Day 116: How to Be and Not Be Your Father?
Day 116: July 20, 2020
Global Cases: 14, 845, 690; Deaths: 612, 841
Egypt Cases: 88, 402; Deaths: 4, 352
Sean David Hobbs
Senior Editor at The Cairo Review of Global Affairs and Adjunct Professor in the Journalism and Mass Communication Department
I wake above the river Nile, in a rooftop apartment and I think of my father in this time of Corona. It is hard not to think of my dad in the mornings. He is far away and quarantined in a Chicago-area nursing home, positive with COVID-19.
He is in a special wing of his nursing home, where the medical professionals wear hazmat suits and he can sleep and sleep and sleep; resting after a life of work for disabled children.
He is alone there. A man closed off from the world after a massive stroke that almost killed him two years ago, with a PhD of Education locked away in his mind.
The stroke left my dad unable to walk, go to the bathroom, get out of bed or even move his own wheelchair.
On a bad day, he can hardly talk, his voice is a whisper. He sleeps almost 20 hours. On a good day, he is aware and awake and remembers life.
He is what is called in the nursing care business “the most needy” of all residents. In order to move my father from his bed, nurses come to his room and use a mechanical Hoyer lift [akin to a giant metal stork] to raise his prone body from the bed and place him onto his specially modified wheelchair.
Then, a nurse brings him to the cafeteria where he can feed himself.

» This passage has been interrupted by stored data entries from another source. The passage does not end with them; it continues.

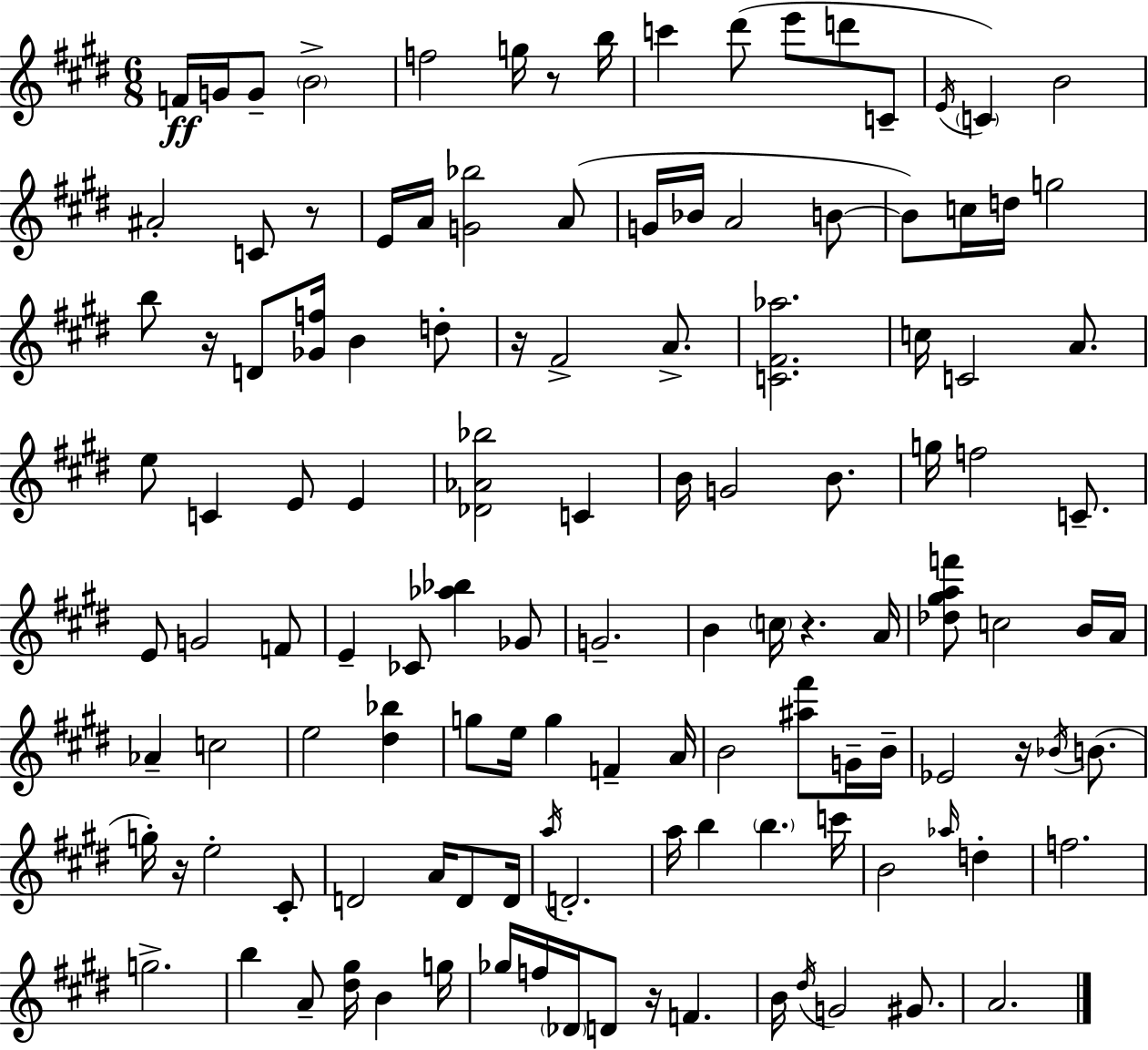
{
  \clef treble
  \numericTimeSignature
  \time 6/8
  \key e \major
  f'16\ff g'16 g'8-- \parenthesize b'2-> | f''2 g''16 r8 b''16 | c'''4 dis'''8( e'''8 d'''8 c'8-- | \acciaccatura { e'16 } \parenthesize c'4) b'2 | \break ais'2-. c'8 r8 | e'16 a'16 <g' bes''>2 a'8( | g'16 bes'16 a'2 b'8~~ | b'8) c''16 d''16 g''2 | \break b''8 r16 d'8 <ges' f''>16 b'4 d''8-. | r16 fis'2-> a'8.-> | <c' fis' aes''>2. | c''16 c'2 a'8. | \break e''8 c'4 e'8 e'4 | <des' aes' bes''>2 c'4 | b'16 g'2 b'8. | g''16 f''2 c'8.-- | \break e'8 g'2 f'8 | e'4-- ces'8 <aes'' bes''>4 ges'8 | g'2.-- | b'4 \parenthesize c''16 r4. | \break a'16 <des'' gis'' a'' f'''>8 c''2 b'16 | a'16 aes'4-- c''2 | e''2 <dis'' bes''>4 | g''8 e''16 g''4 f'4-- | \break a'16 b'2 <ais'' fis'''>8 g'16-- | b'16-- ees'2 r16 \acciaccatura { bes'16 }( b'8. | g''16-.) r16 e''2-. | cis'8-. d'2 a'16 d'8 | \break d'16 \acciaccatura { a''16 } d'2.-. | a''16 b''4 \parenthesize b''4. | c'''16 b'2 \grace { aes''16 } | d''4-. f''2. | \break g''2.-> | b''4 a'8-- <dis'' gis''>16 b'4 | g''16 ges''16 f''16 \parenthesize des'16 d'8 r16 f'4. | b'16 \acciaccatura { dis''16 } g'2 | \break gis'8. a'2. | \bar "|."
}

I think of my dad every morning and do a silent prayer, reading my Ordo Catholic prayer book, the same book he bought me, even when I was agnostic and he was still holding out hope.
The key to any son’s heart is his father’s pride.
When my Dad and I talk now via Google Duo video call, I tell him about my life and my work. The most important thing to men is our work. It comes before family as our work gives us our self-respect.
In our talks, my father wants to know about my job as the Senior Editor of the American University in Cairo’s journal Cairo Review of Global Affairs.
I tell my father about the Cairo Review and the contribution we make during the coronavirus as one of the leading publications on public policy in the Middle East and North Africa.
My father tells me he is proud of my work.
The key to any son’s heart is his father’s pride.
In the mornings, I water my plants on my balcony over the Nile River and I look down as far as the eye can see across this city on the ancient waterway.
The leaves of the fire trees on the riverside have turned orange and red and blossom, and I am alone in the mornings and the afternoons and the nights.
After I water my plants, I eat breakfast on the balcony and drink a glass of double espresso.
Then I get to work as senior editor.
Emails are sent. Essays edited. Photographs chosen. Twitter. Facebook. Posting. Posting. Posting. Posting. Posting.
I contact our writers and our editors. More emails. A zoom session and a telephone call. And another call. And a zoom.
The days and hours roll by. 12 hours and the sun is setting and the work is done.
For The Caravan‘s previous diary entries in Arabic and English go to our COVID-19 Special Coverage page.
Most evenings I need to get out of my apartment.
I go down to the street with my Cottonil black mask on — sporty and stylish — and walk around downtown Cairo, which after sunset is quite empty.
Social distancing is easy. Boys and girls fly kites in the night sky from bridges.
I remember back to my father when I was a boy and he was my age now.
When he was younger, my father was a pure-hearted lion of a man who in his stubbornness could die on too many hills for his own political good. And yet, he learned to play the game of work and worldly things.
My dad was an advocate for disabled children as a teacher and school administrator and then, after his first retirement, as the head of a disabled child lobbyist organization in Wisconsin.
I remember him and his efforts and his life as I walk the streets of sunset in Cairo.
By 9 pm, I head back to my apartment for my night time video call with my Dad.
How to be your father and not be your father? This is a question all men ask themselves. My Dad was never perfect. No one man is.
When he thought he was right, one could never convince him he was wrong. He could tear down another person’s life, certain of his own truth.
Yet, when he and I talk, I don’t remember this hurtful side.
The key to being a good father is if your children, at the end, don’t focus on your faults but instead remember how much you love them and how much you taught them. And how proud you are of them.
My father has had a good life and led with honor and grace.
He is the best man I have ever known and many men cannot say that about their fathers. I happen to be one of the lucky few who can.
*After testing positive and being in quarantine for over a month, Ken Hobbs recently tested negative two times for the coronavirus. He and his son continue their long-distance talks.